V.S. Solid.js's Store

As I wrote in the beginning of this article, I referred Solid.js's store feature in developing svelte-store-tree v0.3.1 because it's made for the similar goal with svelte-store-tree. From now on, let me explain in what way svelte-store-tree is similar to Solid.js's store, and what feature of Solid.js's store it failed to support because of the limitation of Svelte's store, respectively. I hope this would be a hint for discussion on the future design of Svelte.

Quick introduction to Solid.js's Store

Solid.js's store, as the page I referred in the last section described as "Solid's answer to nested reactivity", enables us to update a part of nested structures and track the part of the state. The createStore function returns a pair of the current store value, and the function to update the store value (slightly similar to React's useState):

ℹ️ All examples in this section are quoted from the official web site.

const [state, setState] = createStore({
  todos: [
    { task: 'Finish work', completed: false },
    { task: 'Go grocery shopping', completed: false },
    { task: 'Make dinner', completed: false },
  ]
});

The first thing of the pair, state is wrapped by a Proxy so that the runtime can track access to the value of the store including its properties.
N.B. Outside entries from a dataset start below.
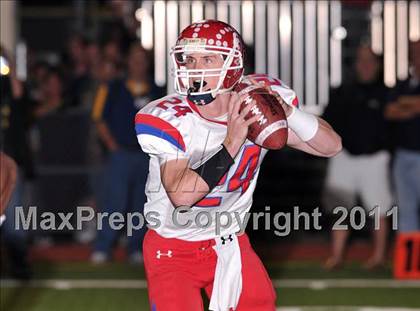 Thumbnail 1 in Manatee vs. St. Thomas Aquinas (FHSAA 5A Semifinal) photogallery.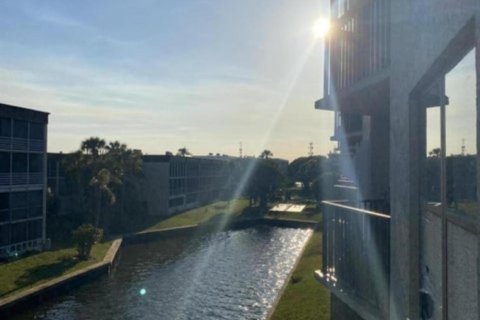 Condominio en alquiler en Lantana, Florida, 2 dormitorios, 95.6 m2 № 1093083 - foto 1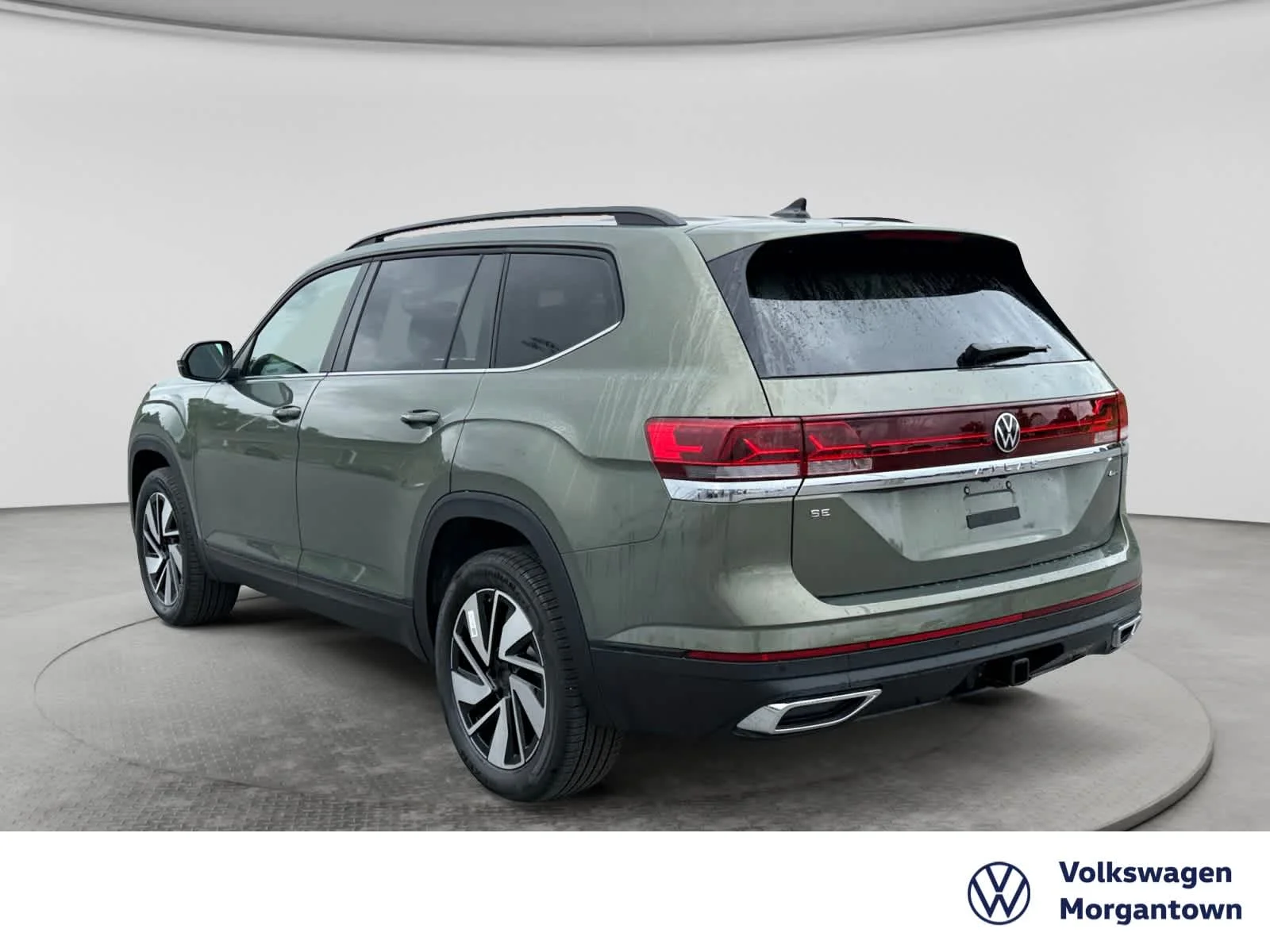 New 2026 Avocado Green Pearl Volkswagen 2.0T SE w/Technology image 7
Using the second value of the pair setState, we can specify "path" objects, such as names of the properties and predicate functions to decide which elements to update (if the value is an array), to tell which part of the store value should be updated. For example:

// Set true to the `completed` property of the 0th and 2nd elements in the `todos` property.
setState('todos', [0, 2], 'completed', true);

// Append `'!'` to the `task` property of `todos` elements whose `completed` property is `true`.
setState('todos', todo => todo.completed, 'task', t => t + '!');

The setState is so powerful that it can update arbitrary depth of the nested structure without any other library functions.

In addition, as introduced before, Solid.js's store is designed for separately using the Proxy-wrapped value and the function to update, while Svelte's store is designed for using as a single object with set and subscribe to make it available for two-way binding.
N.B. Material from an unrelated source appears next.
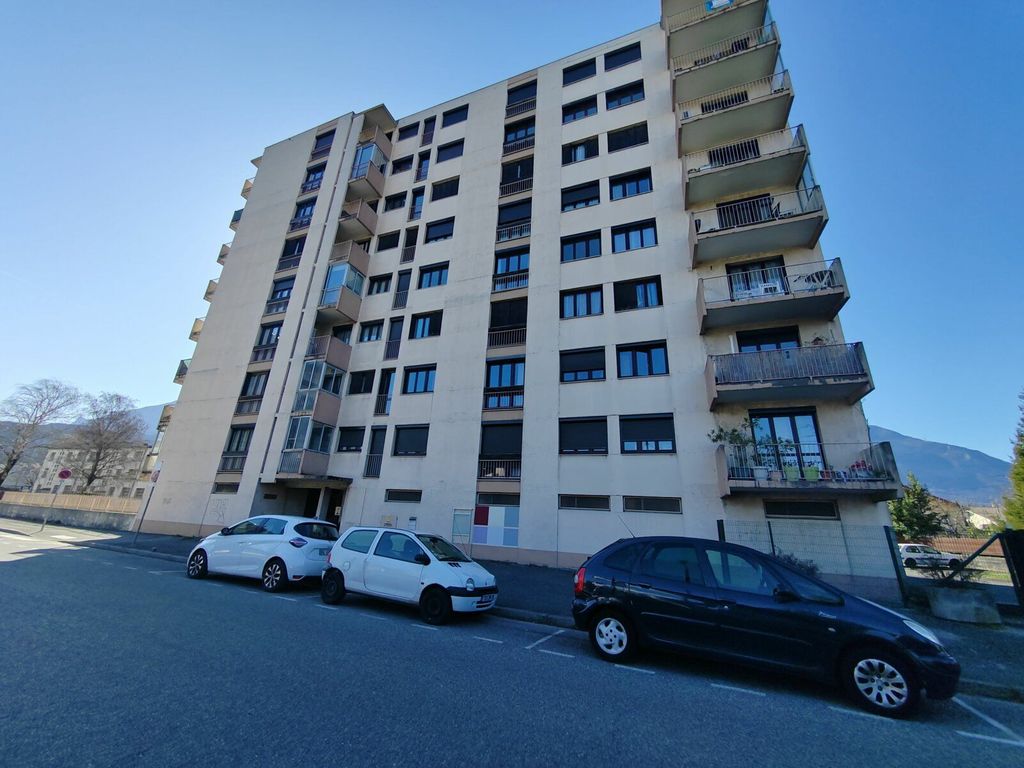 Achat appartement à vendre 4 pièces 105 m² - Fontaine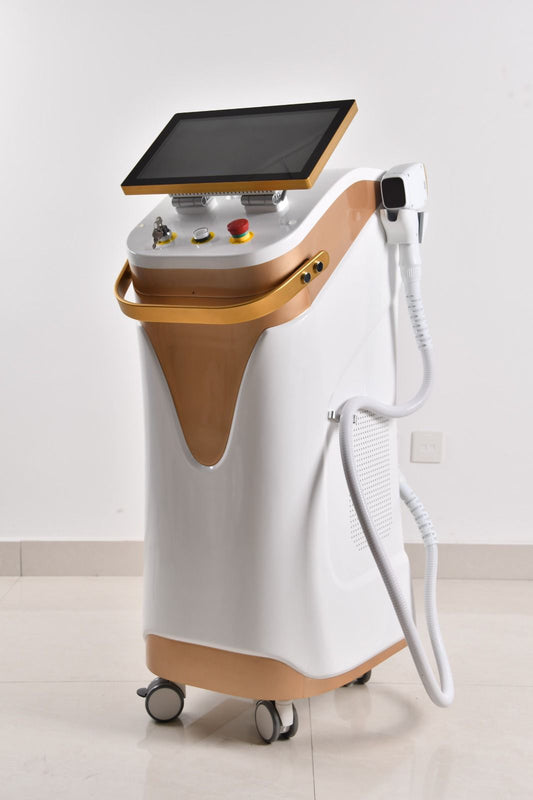 Medizinischer Hochleistungs-Diodenlaser mit Kühlkopf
Feature that affected svelte-store-tree

Somewhat affected by Solid.js's store, I improved the Accessor API of svelte-store-tree, used to show how to get deeper into the nested structure. Specifically, svelte-store-tree can now compose Accessor objects by their and method as the setState function of Solid.js (the second value of the createStore's result) can compose the "path" objects given as its arguments.

For example, by combining the into and isPresent Accessor, we can make a store that calls subscriber functions if its foo property is not undefined:

store.zoom(into('foo').and(isPresent()));

Thanks to them, the code to obtain the key property from the tree in the example app can be rewritten like below:

const key = tree.zoom(choose(chooseKeyValue).and(into("key")));

Why don't I define the zoom method to receive multiple Accessors to compose? One of the reasons is to simplify the implementation of zoom, and another is that it's not a good idea to pile up many Accessors at once to access to too deep part of the nested structure, in my opinion.

In detail, the former means that the code of zoom is more concise because it doesn't have to take care of multiple Accessors. Composing Accessors is just the business of the and method.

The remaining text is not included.